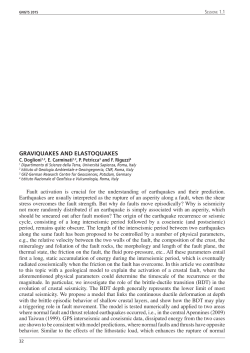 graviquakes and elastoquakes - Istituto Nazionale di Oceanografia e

------------------------

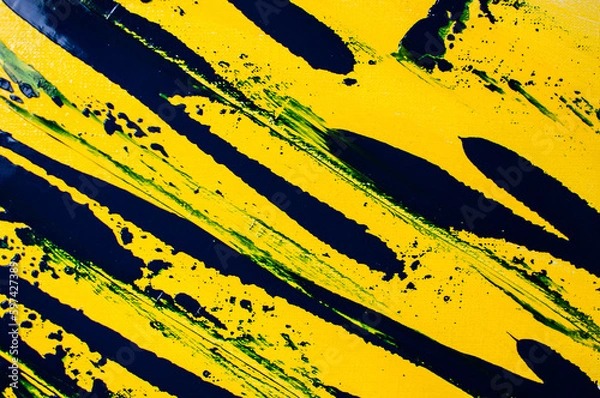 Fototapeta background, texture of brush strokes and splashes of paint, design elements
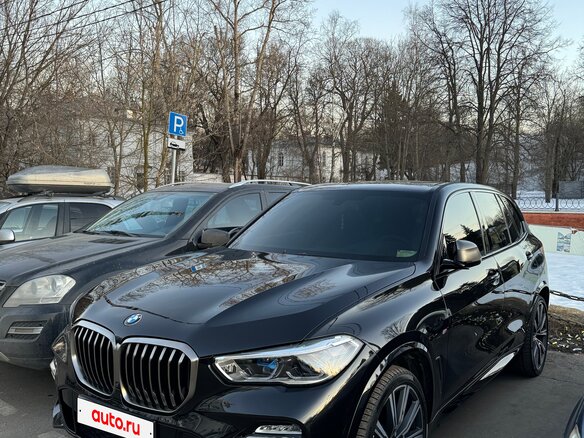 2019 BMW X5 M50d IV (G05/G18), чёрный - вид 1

------------------------

> Activity
Reproduce, word for word, only the lines in the records above from the line with "Fototapeta background, texture" through the line with "2019 BMW X5", including both ends; omit the pictures.

> Task solution
 Fototapeta background, texture of brush strokes and splashes of paint, design elements
 2019 BMW X5 M50d IV (G05/G18), чёрный - вид 1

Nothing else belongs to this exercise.